Every line from the one with "Процессор xeon E3-1270 V3 3.50 GHz" to the end of the listing below must be printed exactly, with no other text and no pictures.
--- Given data ---
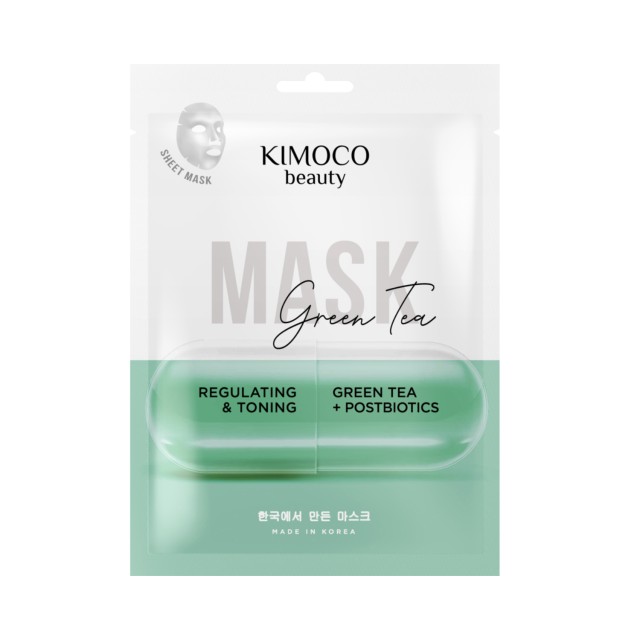 Kimoco Sheet Mask Regulating & Toning Ρυθμιστική & Τονωτική Υφασμάτινη &hellip;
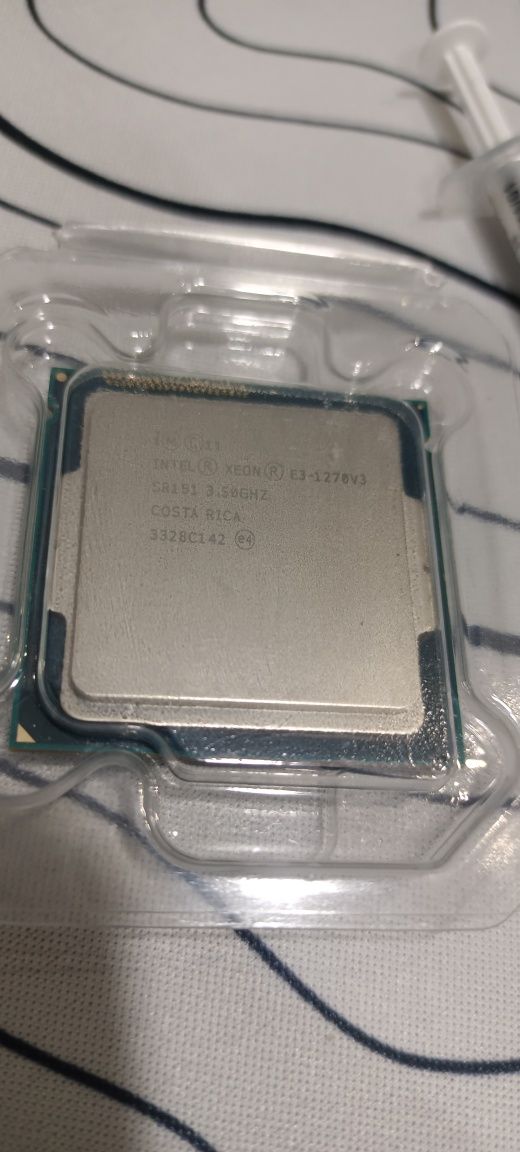 Процессор xeon E3-1270 V3 3.50 GHz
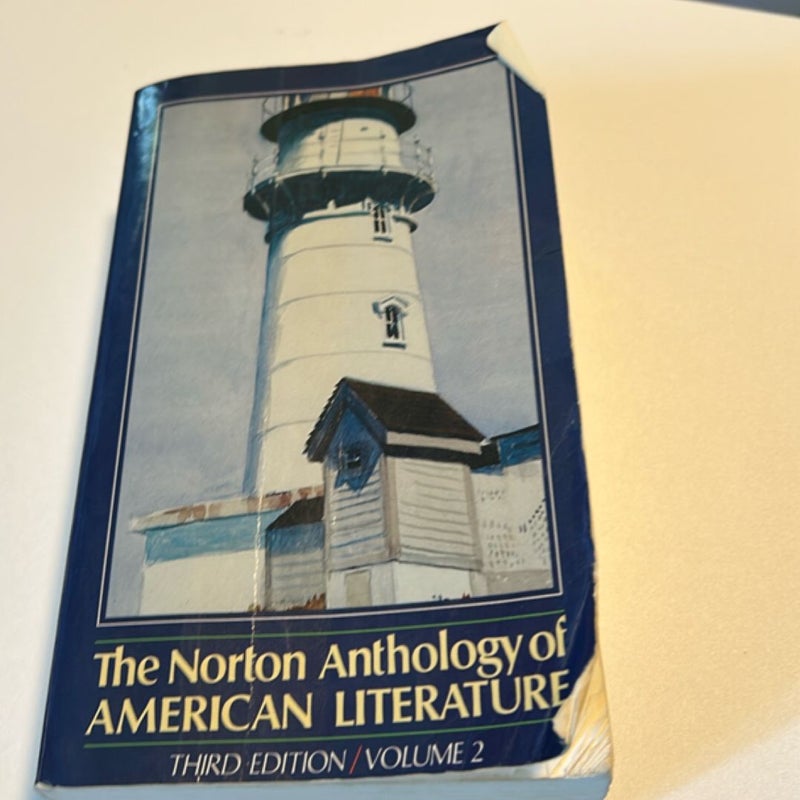 The Norton Anthology of American Literature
---
#### [Solution to the exercise]
 Процессор xeon E3-1270 V3 3.50 GHz
 The Norton Anthology of American Literature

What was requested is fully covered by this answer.